[Stored data]
※

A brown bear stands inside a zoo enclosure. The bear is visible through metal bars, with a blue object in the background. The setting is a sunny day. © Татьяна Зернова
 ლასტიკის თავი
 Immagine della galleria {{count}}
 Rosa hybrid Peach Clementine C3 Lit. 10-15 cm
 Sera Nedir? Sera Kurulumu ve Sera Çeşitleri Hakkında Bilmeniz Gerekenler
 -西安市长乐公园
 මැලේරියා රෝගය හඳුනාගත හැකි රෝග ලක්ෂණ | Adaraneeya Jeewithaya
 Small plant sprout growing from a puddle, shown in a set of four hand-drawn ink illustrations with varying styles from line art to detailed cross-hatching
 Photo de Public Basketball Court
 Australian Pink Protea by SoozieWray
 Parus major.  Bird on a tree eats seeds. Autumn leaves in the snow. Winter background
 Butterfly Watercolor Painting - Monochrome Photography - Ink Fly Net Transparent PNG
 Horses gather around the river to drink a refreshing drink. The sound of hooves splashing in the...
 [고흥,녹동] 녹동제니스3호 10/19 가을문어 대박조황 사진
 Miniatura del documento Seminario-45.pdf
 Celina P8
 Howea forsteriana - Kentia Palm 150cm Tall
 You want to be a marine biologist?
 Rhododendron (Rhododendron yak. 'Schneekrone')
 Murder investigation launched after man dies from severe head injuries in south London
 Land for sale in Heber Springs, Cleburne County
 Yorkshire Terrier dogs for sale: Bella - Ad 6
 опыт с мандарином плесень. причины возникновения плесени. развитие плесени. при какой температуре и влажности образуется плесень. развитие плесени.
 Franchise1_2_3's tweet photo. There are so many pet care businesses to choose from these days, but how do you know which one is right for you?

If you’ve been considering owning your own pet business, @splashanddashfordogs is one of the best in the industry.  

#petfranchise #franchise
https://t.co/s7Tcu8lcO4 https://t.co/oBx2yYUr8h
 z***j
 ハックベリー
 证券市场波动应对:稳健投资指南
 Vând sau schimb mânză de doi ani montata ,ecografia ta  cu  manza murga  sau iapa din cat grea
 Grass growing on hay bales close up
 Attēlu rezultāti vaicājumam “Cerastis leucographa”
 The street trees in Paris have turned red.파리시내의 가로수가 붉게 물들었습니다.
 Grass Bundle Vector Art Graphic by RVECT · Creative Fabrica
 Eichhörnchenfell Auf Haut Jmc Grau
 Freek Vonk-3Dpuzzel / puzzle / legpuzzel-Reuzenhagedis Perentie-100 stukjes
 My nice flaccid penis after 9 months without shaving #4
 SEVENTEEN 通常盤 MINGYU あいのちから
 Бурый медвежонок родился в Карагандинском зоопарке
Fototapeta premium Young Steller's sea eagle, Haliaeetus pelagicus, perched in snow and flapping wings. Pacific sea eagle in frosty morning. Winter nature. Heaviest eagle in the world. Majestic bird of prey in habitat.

※

_WORK REQUEST:_ The lines in the entries above that carry the word "snow" must be copied.

_REPLY TO THE TASK:_
 Parus major.  Bird on a tree eats seeds. Autumn leaves in the snow. Winter background
Fototapeta premium Young Steller's sea eagle, Haliaeetus pelagicus, perched in snow and flapping wings. Pacific sea eagle in frosty morning. Winter nature. Heaviest eagle in the world. Majestic bird of prey in habitat.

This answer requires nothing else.